Et nous avons la joie d’accueillir le mouvement, les personnes de Foi et Lumière accompagnées par René dont le thème est « Préparation de Lourdes » pour les 50 ans de Foi et Lumière. Magnifique. Nous accueillons aussi des cheftaines qui viennent pour une semaine de camp de formation. Nous avons eu la semaine dernière la joie d’accueillir un autre CEP. Vous êtes ici chez vous. Merci.
Merci aussi à chacun. C’est le Seigneur qui nous rassemble dans l’amour de son nom et la communion les uns avec les autres. Entrons dans cette Eucharistie en nous reconnaissant pécheurs, pauvres de cet amour et que l’Esprit Saint vienne vivifier en nous cet amour en nous reconnaissant pauvres et pécheurs.
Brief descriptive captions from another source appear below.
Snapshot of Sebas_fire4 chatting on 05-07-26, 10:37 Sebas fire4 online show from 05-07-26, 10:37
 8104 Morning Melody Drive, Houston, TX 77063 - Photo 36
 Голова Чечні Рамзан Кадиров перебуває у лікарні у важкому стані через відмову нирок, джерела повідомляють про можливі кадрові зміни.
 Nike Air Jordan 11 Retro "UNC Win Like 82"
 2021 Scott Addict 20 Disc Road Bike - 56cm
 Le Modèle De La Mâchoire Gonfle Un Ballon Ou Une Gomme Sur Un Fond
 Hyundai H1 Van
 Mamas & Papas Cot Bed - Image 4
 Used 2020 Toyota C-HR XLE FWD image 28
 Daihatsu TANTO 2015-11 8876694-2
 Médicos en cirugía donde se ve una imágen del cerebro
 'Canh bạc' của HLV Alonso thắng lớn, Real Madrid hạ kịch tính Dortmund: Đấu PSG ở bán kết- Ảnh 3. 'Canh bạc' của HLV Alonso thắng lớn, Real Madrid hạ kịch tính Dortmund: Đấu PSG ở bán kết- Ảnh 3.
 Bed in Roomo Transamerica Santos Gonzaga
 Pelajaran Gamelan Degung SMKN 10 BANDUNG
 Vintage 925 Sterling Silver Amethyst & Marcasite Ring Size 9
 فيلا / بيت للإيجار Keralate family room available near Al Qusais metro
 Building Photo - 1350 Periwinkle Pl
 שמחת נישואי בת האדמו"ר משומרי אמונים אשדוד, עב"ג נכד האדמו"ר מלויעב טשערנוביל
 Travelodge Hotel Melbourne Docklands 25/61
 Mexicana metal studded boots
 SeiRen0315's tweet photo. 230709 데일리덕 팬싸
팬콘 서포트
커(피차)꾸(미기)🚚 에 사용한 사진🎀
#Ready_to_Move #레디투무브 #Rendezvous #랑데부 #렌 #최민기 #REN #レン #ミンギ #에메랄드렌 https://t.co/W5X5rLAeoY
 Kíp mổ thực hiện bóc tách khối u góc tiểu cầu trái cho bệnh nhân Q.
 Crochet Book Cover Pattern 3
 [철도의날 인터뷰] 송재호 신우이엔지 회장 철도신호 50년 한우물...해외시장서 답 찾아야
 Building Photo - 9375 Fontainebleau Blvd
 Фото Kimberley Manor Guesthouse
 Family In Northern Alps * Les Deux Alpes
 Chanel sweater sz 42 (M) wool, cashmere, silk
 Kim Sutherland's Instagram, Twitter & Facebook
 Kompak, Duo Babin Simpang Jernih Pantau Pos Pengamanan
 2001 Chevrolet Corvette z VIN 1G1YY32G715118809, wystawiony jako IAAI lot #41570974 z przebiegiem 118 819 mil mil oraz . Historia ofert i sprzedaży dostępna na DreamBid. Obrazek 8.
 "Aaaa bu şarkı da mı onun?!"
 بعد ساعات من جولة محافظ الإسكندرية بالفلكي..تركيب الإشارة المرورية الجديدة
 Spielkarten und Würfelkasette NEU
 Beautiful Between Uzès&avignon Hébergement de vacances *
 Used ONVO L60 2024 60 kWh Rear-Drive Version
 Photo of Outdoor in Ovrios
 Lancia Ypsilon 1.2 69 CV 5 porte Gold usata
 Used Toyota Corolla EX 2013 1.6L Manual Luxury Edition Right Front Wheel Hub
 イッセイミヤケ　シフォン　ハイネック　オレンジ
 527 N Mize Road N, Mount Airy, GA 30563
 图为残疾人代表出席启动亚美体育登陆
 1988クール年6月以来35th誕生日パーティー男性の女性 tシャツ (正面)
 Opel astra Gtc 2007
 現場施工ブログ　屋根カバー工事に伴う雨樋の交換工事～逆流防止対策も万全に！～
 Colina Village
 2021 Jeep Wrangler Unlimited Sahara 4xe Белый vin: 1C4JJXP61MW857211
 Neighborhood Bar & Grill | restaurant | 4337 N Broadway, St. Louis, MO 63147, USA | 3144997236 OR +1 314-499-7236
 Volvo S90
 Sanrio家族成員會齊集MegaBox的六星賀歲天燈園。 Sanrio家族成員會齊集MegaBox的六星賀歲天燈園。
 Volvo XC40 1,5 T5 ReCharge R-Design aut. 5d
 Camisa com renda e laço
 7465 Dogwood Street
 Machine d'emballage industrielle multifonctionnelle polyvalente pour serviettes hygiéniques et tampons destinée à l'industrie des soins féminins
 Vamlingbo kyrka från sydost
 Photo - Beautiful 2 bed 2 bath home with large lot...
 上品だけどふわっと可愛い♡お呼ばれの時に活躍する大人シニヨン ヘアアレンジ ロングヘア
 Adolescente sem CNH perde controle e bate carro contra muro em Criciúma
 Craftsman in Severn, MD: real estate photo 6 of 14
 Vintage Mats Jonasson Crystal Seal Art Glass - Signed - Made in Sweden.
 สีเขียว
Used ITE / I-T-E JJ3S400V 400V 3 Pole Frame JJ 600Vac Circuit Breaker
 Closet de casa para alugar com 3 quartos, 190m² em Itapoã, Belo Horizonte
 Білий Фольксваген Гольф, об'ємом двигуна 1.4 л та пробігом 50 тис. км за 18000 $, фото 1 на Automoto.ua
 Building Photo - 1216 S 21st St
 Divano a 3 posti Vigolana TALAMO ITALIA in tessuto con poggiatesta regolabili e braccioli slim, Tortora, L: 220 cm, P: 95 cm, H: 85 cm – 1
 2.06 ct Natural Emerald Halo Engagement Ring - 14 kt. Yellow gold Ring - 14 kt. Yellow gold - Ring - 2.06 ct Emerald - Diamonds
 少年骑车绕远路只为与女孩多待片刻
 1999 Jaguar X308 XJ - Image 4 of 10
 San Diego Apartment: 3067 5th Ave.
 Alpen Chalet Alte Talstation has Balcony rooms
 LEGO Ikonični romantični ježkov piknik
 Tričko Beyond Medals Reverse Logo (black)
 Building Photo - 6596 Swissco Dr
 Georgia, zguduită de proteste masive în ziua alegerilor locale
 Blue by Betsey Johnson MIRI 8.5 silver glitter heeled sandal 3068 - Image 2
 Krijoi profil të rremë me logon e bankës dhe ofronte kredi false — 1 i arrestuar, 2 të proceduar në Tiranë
Homélie : Chers frères et sœurs, vous avez entendu comme moi la finale de l’évangile : « Personne n’osait plus interroger Jésus ». Alors je ne sais pas ce que ça vous fait cette remarque. Lorsqu’on entend cela et qu’on a affaire à un intervenant, on peut penser deux choses : soit l’intervenant est trop impressionnant et on a peur de dire des bêtises, alors on se tait ; soit aussi parce qu’il a apporté la réponse aux questions que l’on peut se poser. Ça a l’air d’être tout à fait ça par rapport aux scribes : quelqu’un d’intelligent et qui connaît son affaire. Mais je pense personnellement qu’il y a quand même en Jésus cette grande qualité d’ouvrir le cœur, et lorsque le cœur a des réponses, il est en paix, de donner l’intelligence du cœur, l’intelligence non seulement des Écritures, mais aussi de ce pour quoi on est fait, de notre devoir d’aimer Dieu et le prochain.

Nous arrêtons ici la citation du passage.